## WHAT THE TASK REQUIRES
Copy word for word the lines of the records below, beginning at the one with "Gastland M0 Hotel" and finishing at the one with "Museum Baddie Pics, Trying", ends included, but none of the pictures.

## AVAILABLE DATA
■ ■ ■ ■ ■ ■ ■

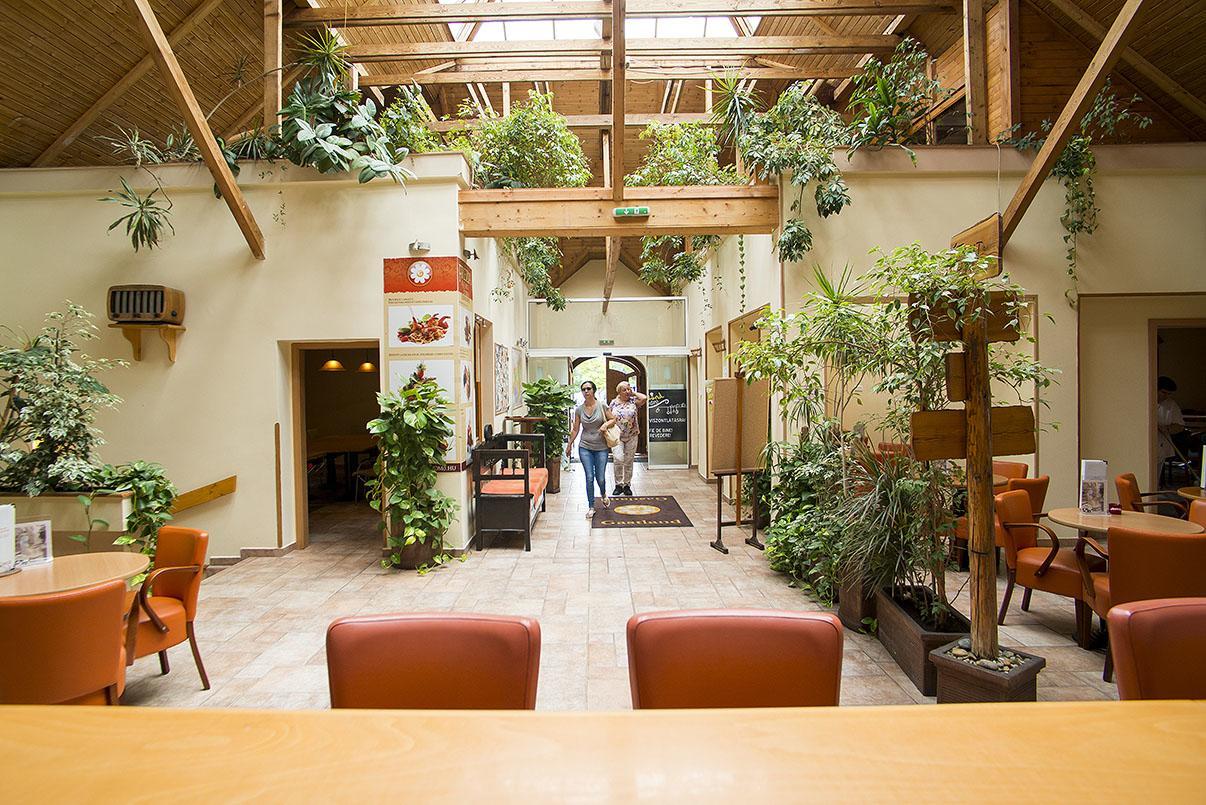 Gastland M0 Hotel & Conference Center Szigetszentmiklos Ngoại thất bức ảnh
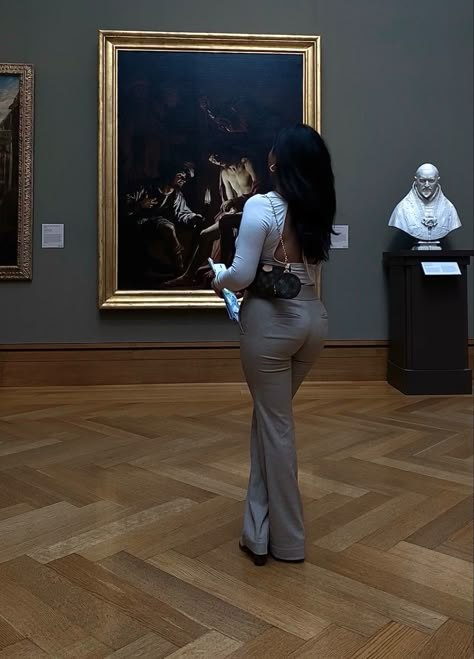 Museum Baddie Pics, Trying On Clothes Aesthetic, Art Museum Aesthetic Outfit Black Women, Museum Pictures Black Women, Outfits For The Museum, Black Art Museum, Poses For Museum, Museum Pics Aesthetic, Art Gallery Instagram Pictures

■ ■ ■ ■ ■ ■ ■

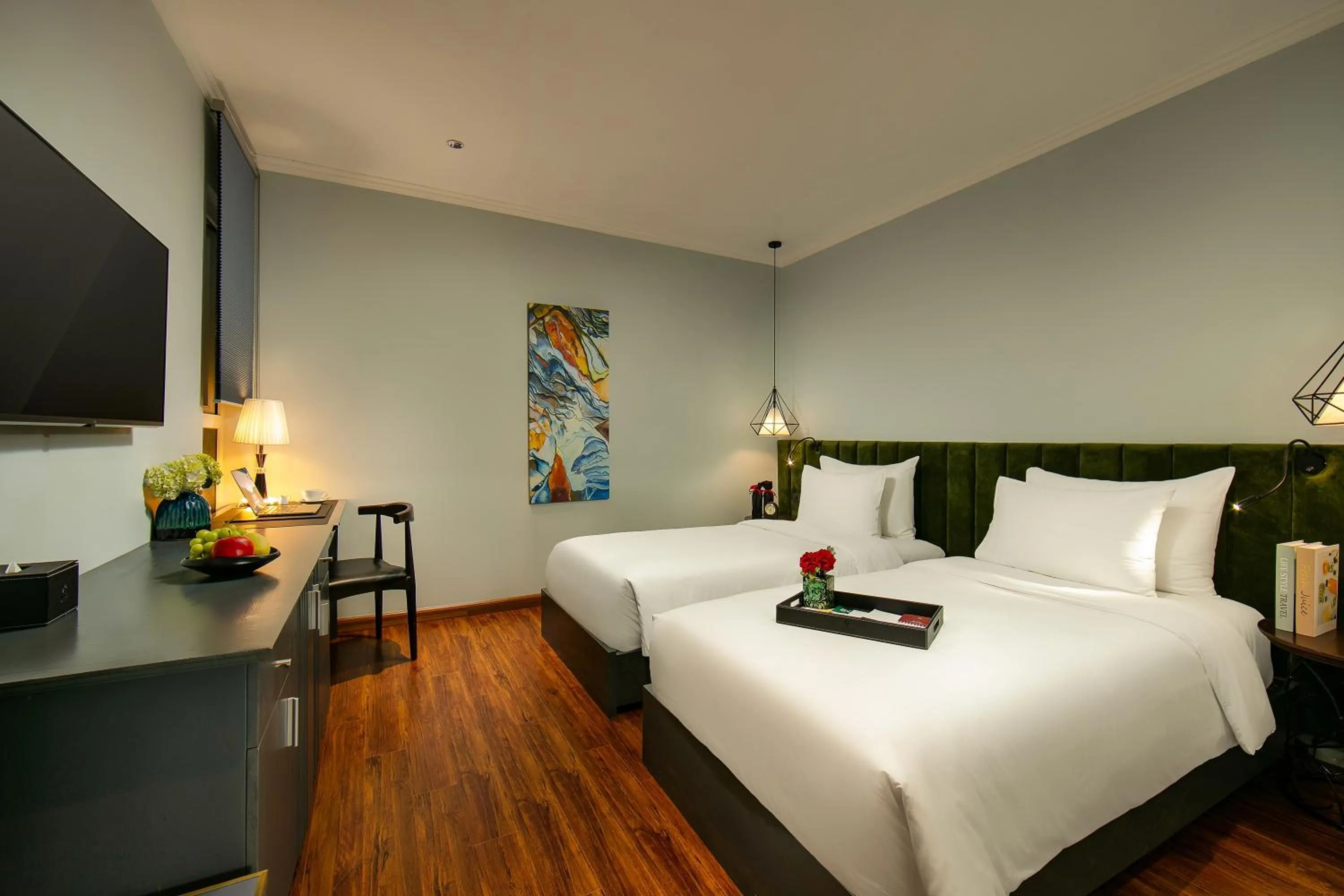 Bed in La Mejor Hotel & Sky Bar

■ ■ ■ ■ ■ ■ ■

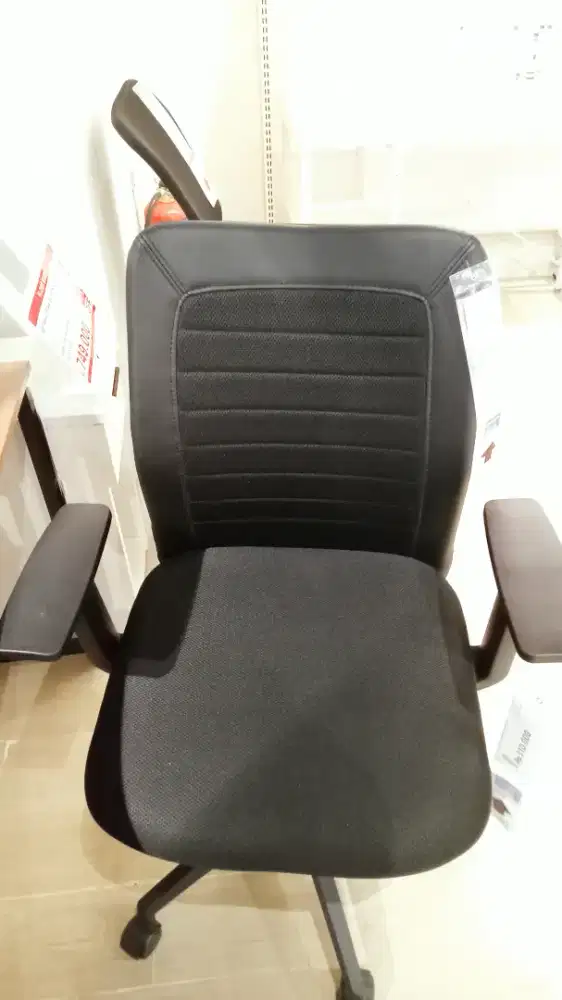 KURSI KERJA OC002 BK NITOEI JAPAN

■ ■ ■ ■ ■ ■ ■

## TASK RESULT
 Gastland M0 Hotel & Conference Center Szigetszentmiklos Ngoại thất bức ảnh
 Museum Baddie Pics, Trying On Clothes Aesthetic, Art Museum Aesthetic Outfit Black Women, Museum Pictures Black Women, Outfits For The Museum, Black Art Museum, Poses For Museum, Museum Pics Aesthetic, Art Gallery Instagram Pictures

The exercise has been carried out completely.